Dynamic versus static grip strength: How grip strength changes when the wrist is moved, and why dynamic grip strength may be a more functional measurement*

The synergistic relationship between wrist/forearm range of motion (ROM) and grip strength (GS) is arguably one of the most important aspects of hand function. Clinically, GS is measured with the wrist in a standardized static position, and the results of such tests have been deemed valid and reliable. The question remains, however, whether this static GS (SGS) measurement is an accurate indication of how an individual functionally grips objects--that is, most functional tasks require the fingers to grasp an object forcibly while moving the proximal joints such as the wrist and forearm. Therefore, further analysis of an individuals dynamic GS (DGS) during wrist/forearm movements may improve the clinicians understanding of hand function and provide more pertinent guidelines for assessing functional gripping, e.g., for vocational and avocational tasks and in designing workstations. The purpose of this study is twofold: to describe and assess a DGS testing device that utilizes optically encoded gyroscopes and a strain-gauge dynamometer to simultaneously measure GS and wrist/forearm position over real time; and to assess and compare grip force production differences in SGS and DGS in uninjured wrists, using this novel device. Twenty-nine uninjured wrists of men (n = 15) and women (n = 14)--age range, 21 to 43 years--were tested with the DGS device. Subjects were excluded if they had any previous wrist/forearm fracture, pain, or limitation of motion.

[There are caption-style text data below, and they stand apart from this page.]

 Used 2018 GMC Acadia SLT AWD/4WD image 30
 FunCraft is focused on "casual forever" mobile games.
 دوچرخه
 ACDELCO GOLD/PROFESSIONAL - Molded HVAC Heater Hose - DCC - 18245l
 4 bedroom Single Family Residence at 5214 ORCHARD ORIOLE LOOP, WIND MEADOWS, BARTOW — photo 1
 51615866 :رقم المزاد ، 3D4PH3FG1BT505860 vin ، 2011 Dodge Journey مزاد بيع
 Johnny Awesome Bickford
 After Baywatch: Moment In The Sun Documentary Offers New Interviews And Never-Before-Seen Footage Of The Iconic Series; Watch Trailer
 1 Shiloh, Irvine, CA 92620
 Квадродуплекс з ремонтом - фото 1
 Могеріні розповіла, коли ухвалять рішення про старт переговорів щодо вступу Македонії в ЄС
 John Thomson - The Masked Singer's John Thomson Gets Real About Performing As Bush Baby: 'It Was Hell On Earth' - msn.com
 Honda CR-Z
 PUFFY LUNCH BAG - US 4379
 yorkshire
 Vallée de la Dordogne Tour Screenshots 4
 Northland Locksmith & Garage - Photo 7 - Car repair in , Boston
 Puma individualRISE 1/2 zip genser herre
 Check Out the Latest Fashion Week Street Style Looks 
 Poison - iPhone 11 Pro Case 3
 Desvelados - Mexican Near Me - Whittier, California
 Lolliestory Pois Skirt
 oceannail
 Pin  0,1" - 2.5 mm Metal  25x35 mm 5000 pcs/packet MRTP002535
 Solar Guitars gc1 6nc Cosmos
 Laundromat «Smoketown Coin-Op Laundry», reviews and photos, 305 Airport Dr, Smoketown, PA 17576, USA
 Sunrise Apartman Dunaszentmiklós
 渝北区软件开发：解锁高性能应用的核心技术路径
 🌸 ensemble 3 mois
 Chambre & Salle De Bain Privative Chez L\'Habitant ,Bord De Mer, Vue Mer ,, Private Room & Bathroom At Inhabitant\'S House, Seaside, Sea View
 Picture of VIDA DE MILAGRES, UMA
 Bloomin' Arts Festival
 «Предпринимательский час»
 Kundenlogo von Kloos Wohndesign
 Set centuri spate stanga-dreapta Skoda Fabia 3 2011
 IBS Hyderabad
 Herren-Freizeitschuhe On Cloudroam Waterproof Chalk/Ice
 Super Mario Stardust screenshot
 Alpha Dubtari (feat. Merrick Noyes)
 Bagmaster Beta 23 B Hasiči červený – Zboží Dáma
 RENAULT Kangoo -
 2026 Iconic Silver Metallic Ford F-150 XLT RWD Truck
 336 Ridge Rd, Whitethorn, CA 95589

The DGS device was designed and fabricated with two optically encoded gyroengines, a vertical gyroscope with two axes for measuring flexion/extension and radial/ulnar deviation, and a directional gyroscope with one axis for measuring supination/pronation, mounted on a strain-gauge dynamometer. The signals from the gyroscopes and dynamometer were processed by means of a data aquisition board and analog-to-digital circuitry and collected on a 486-MHz computer. The methods included repeated testing of each gyroscope axis to known angular measurements, and randomly assigned maximal gripping trials from the 29 subjects. The standard deviation of gyroengines is 1 degree to 2 degrees for each ROM axis. Maximal DGS is significantly less (mean 14%) than SGS, and SGS is 29% less than DGS at the same three-dimensional ROM positions. Gyroengines are feasible three-dimensional tracking devices that can be used to monitor wrist/forearm ROM in conjunction with GS.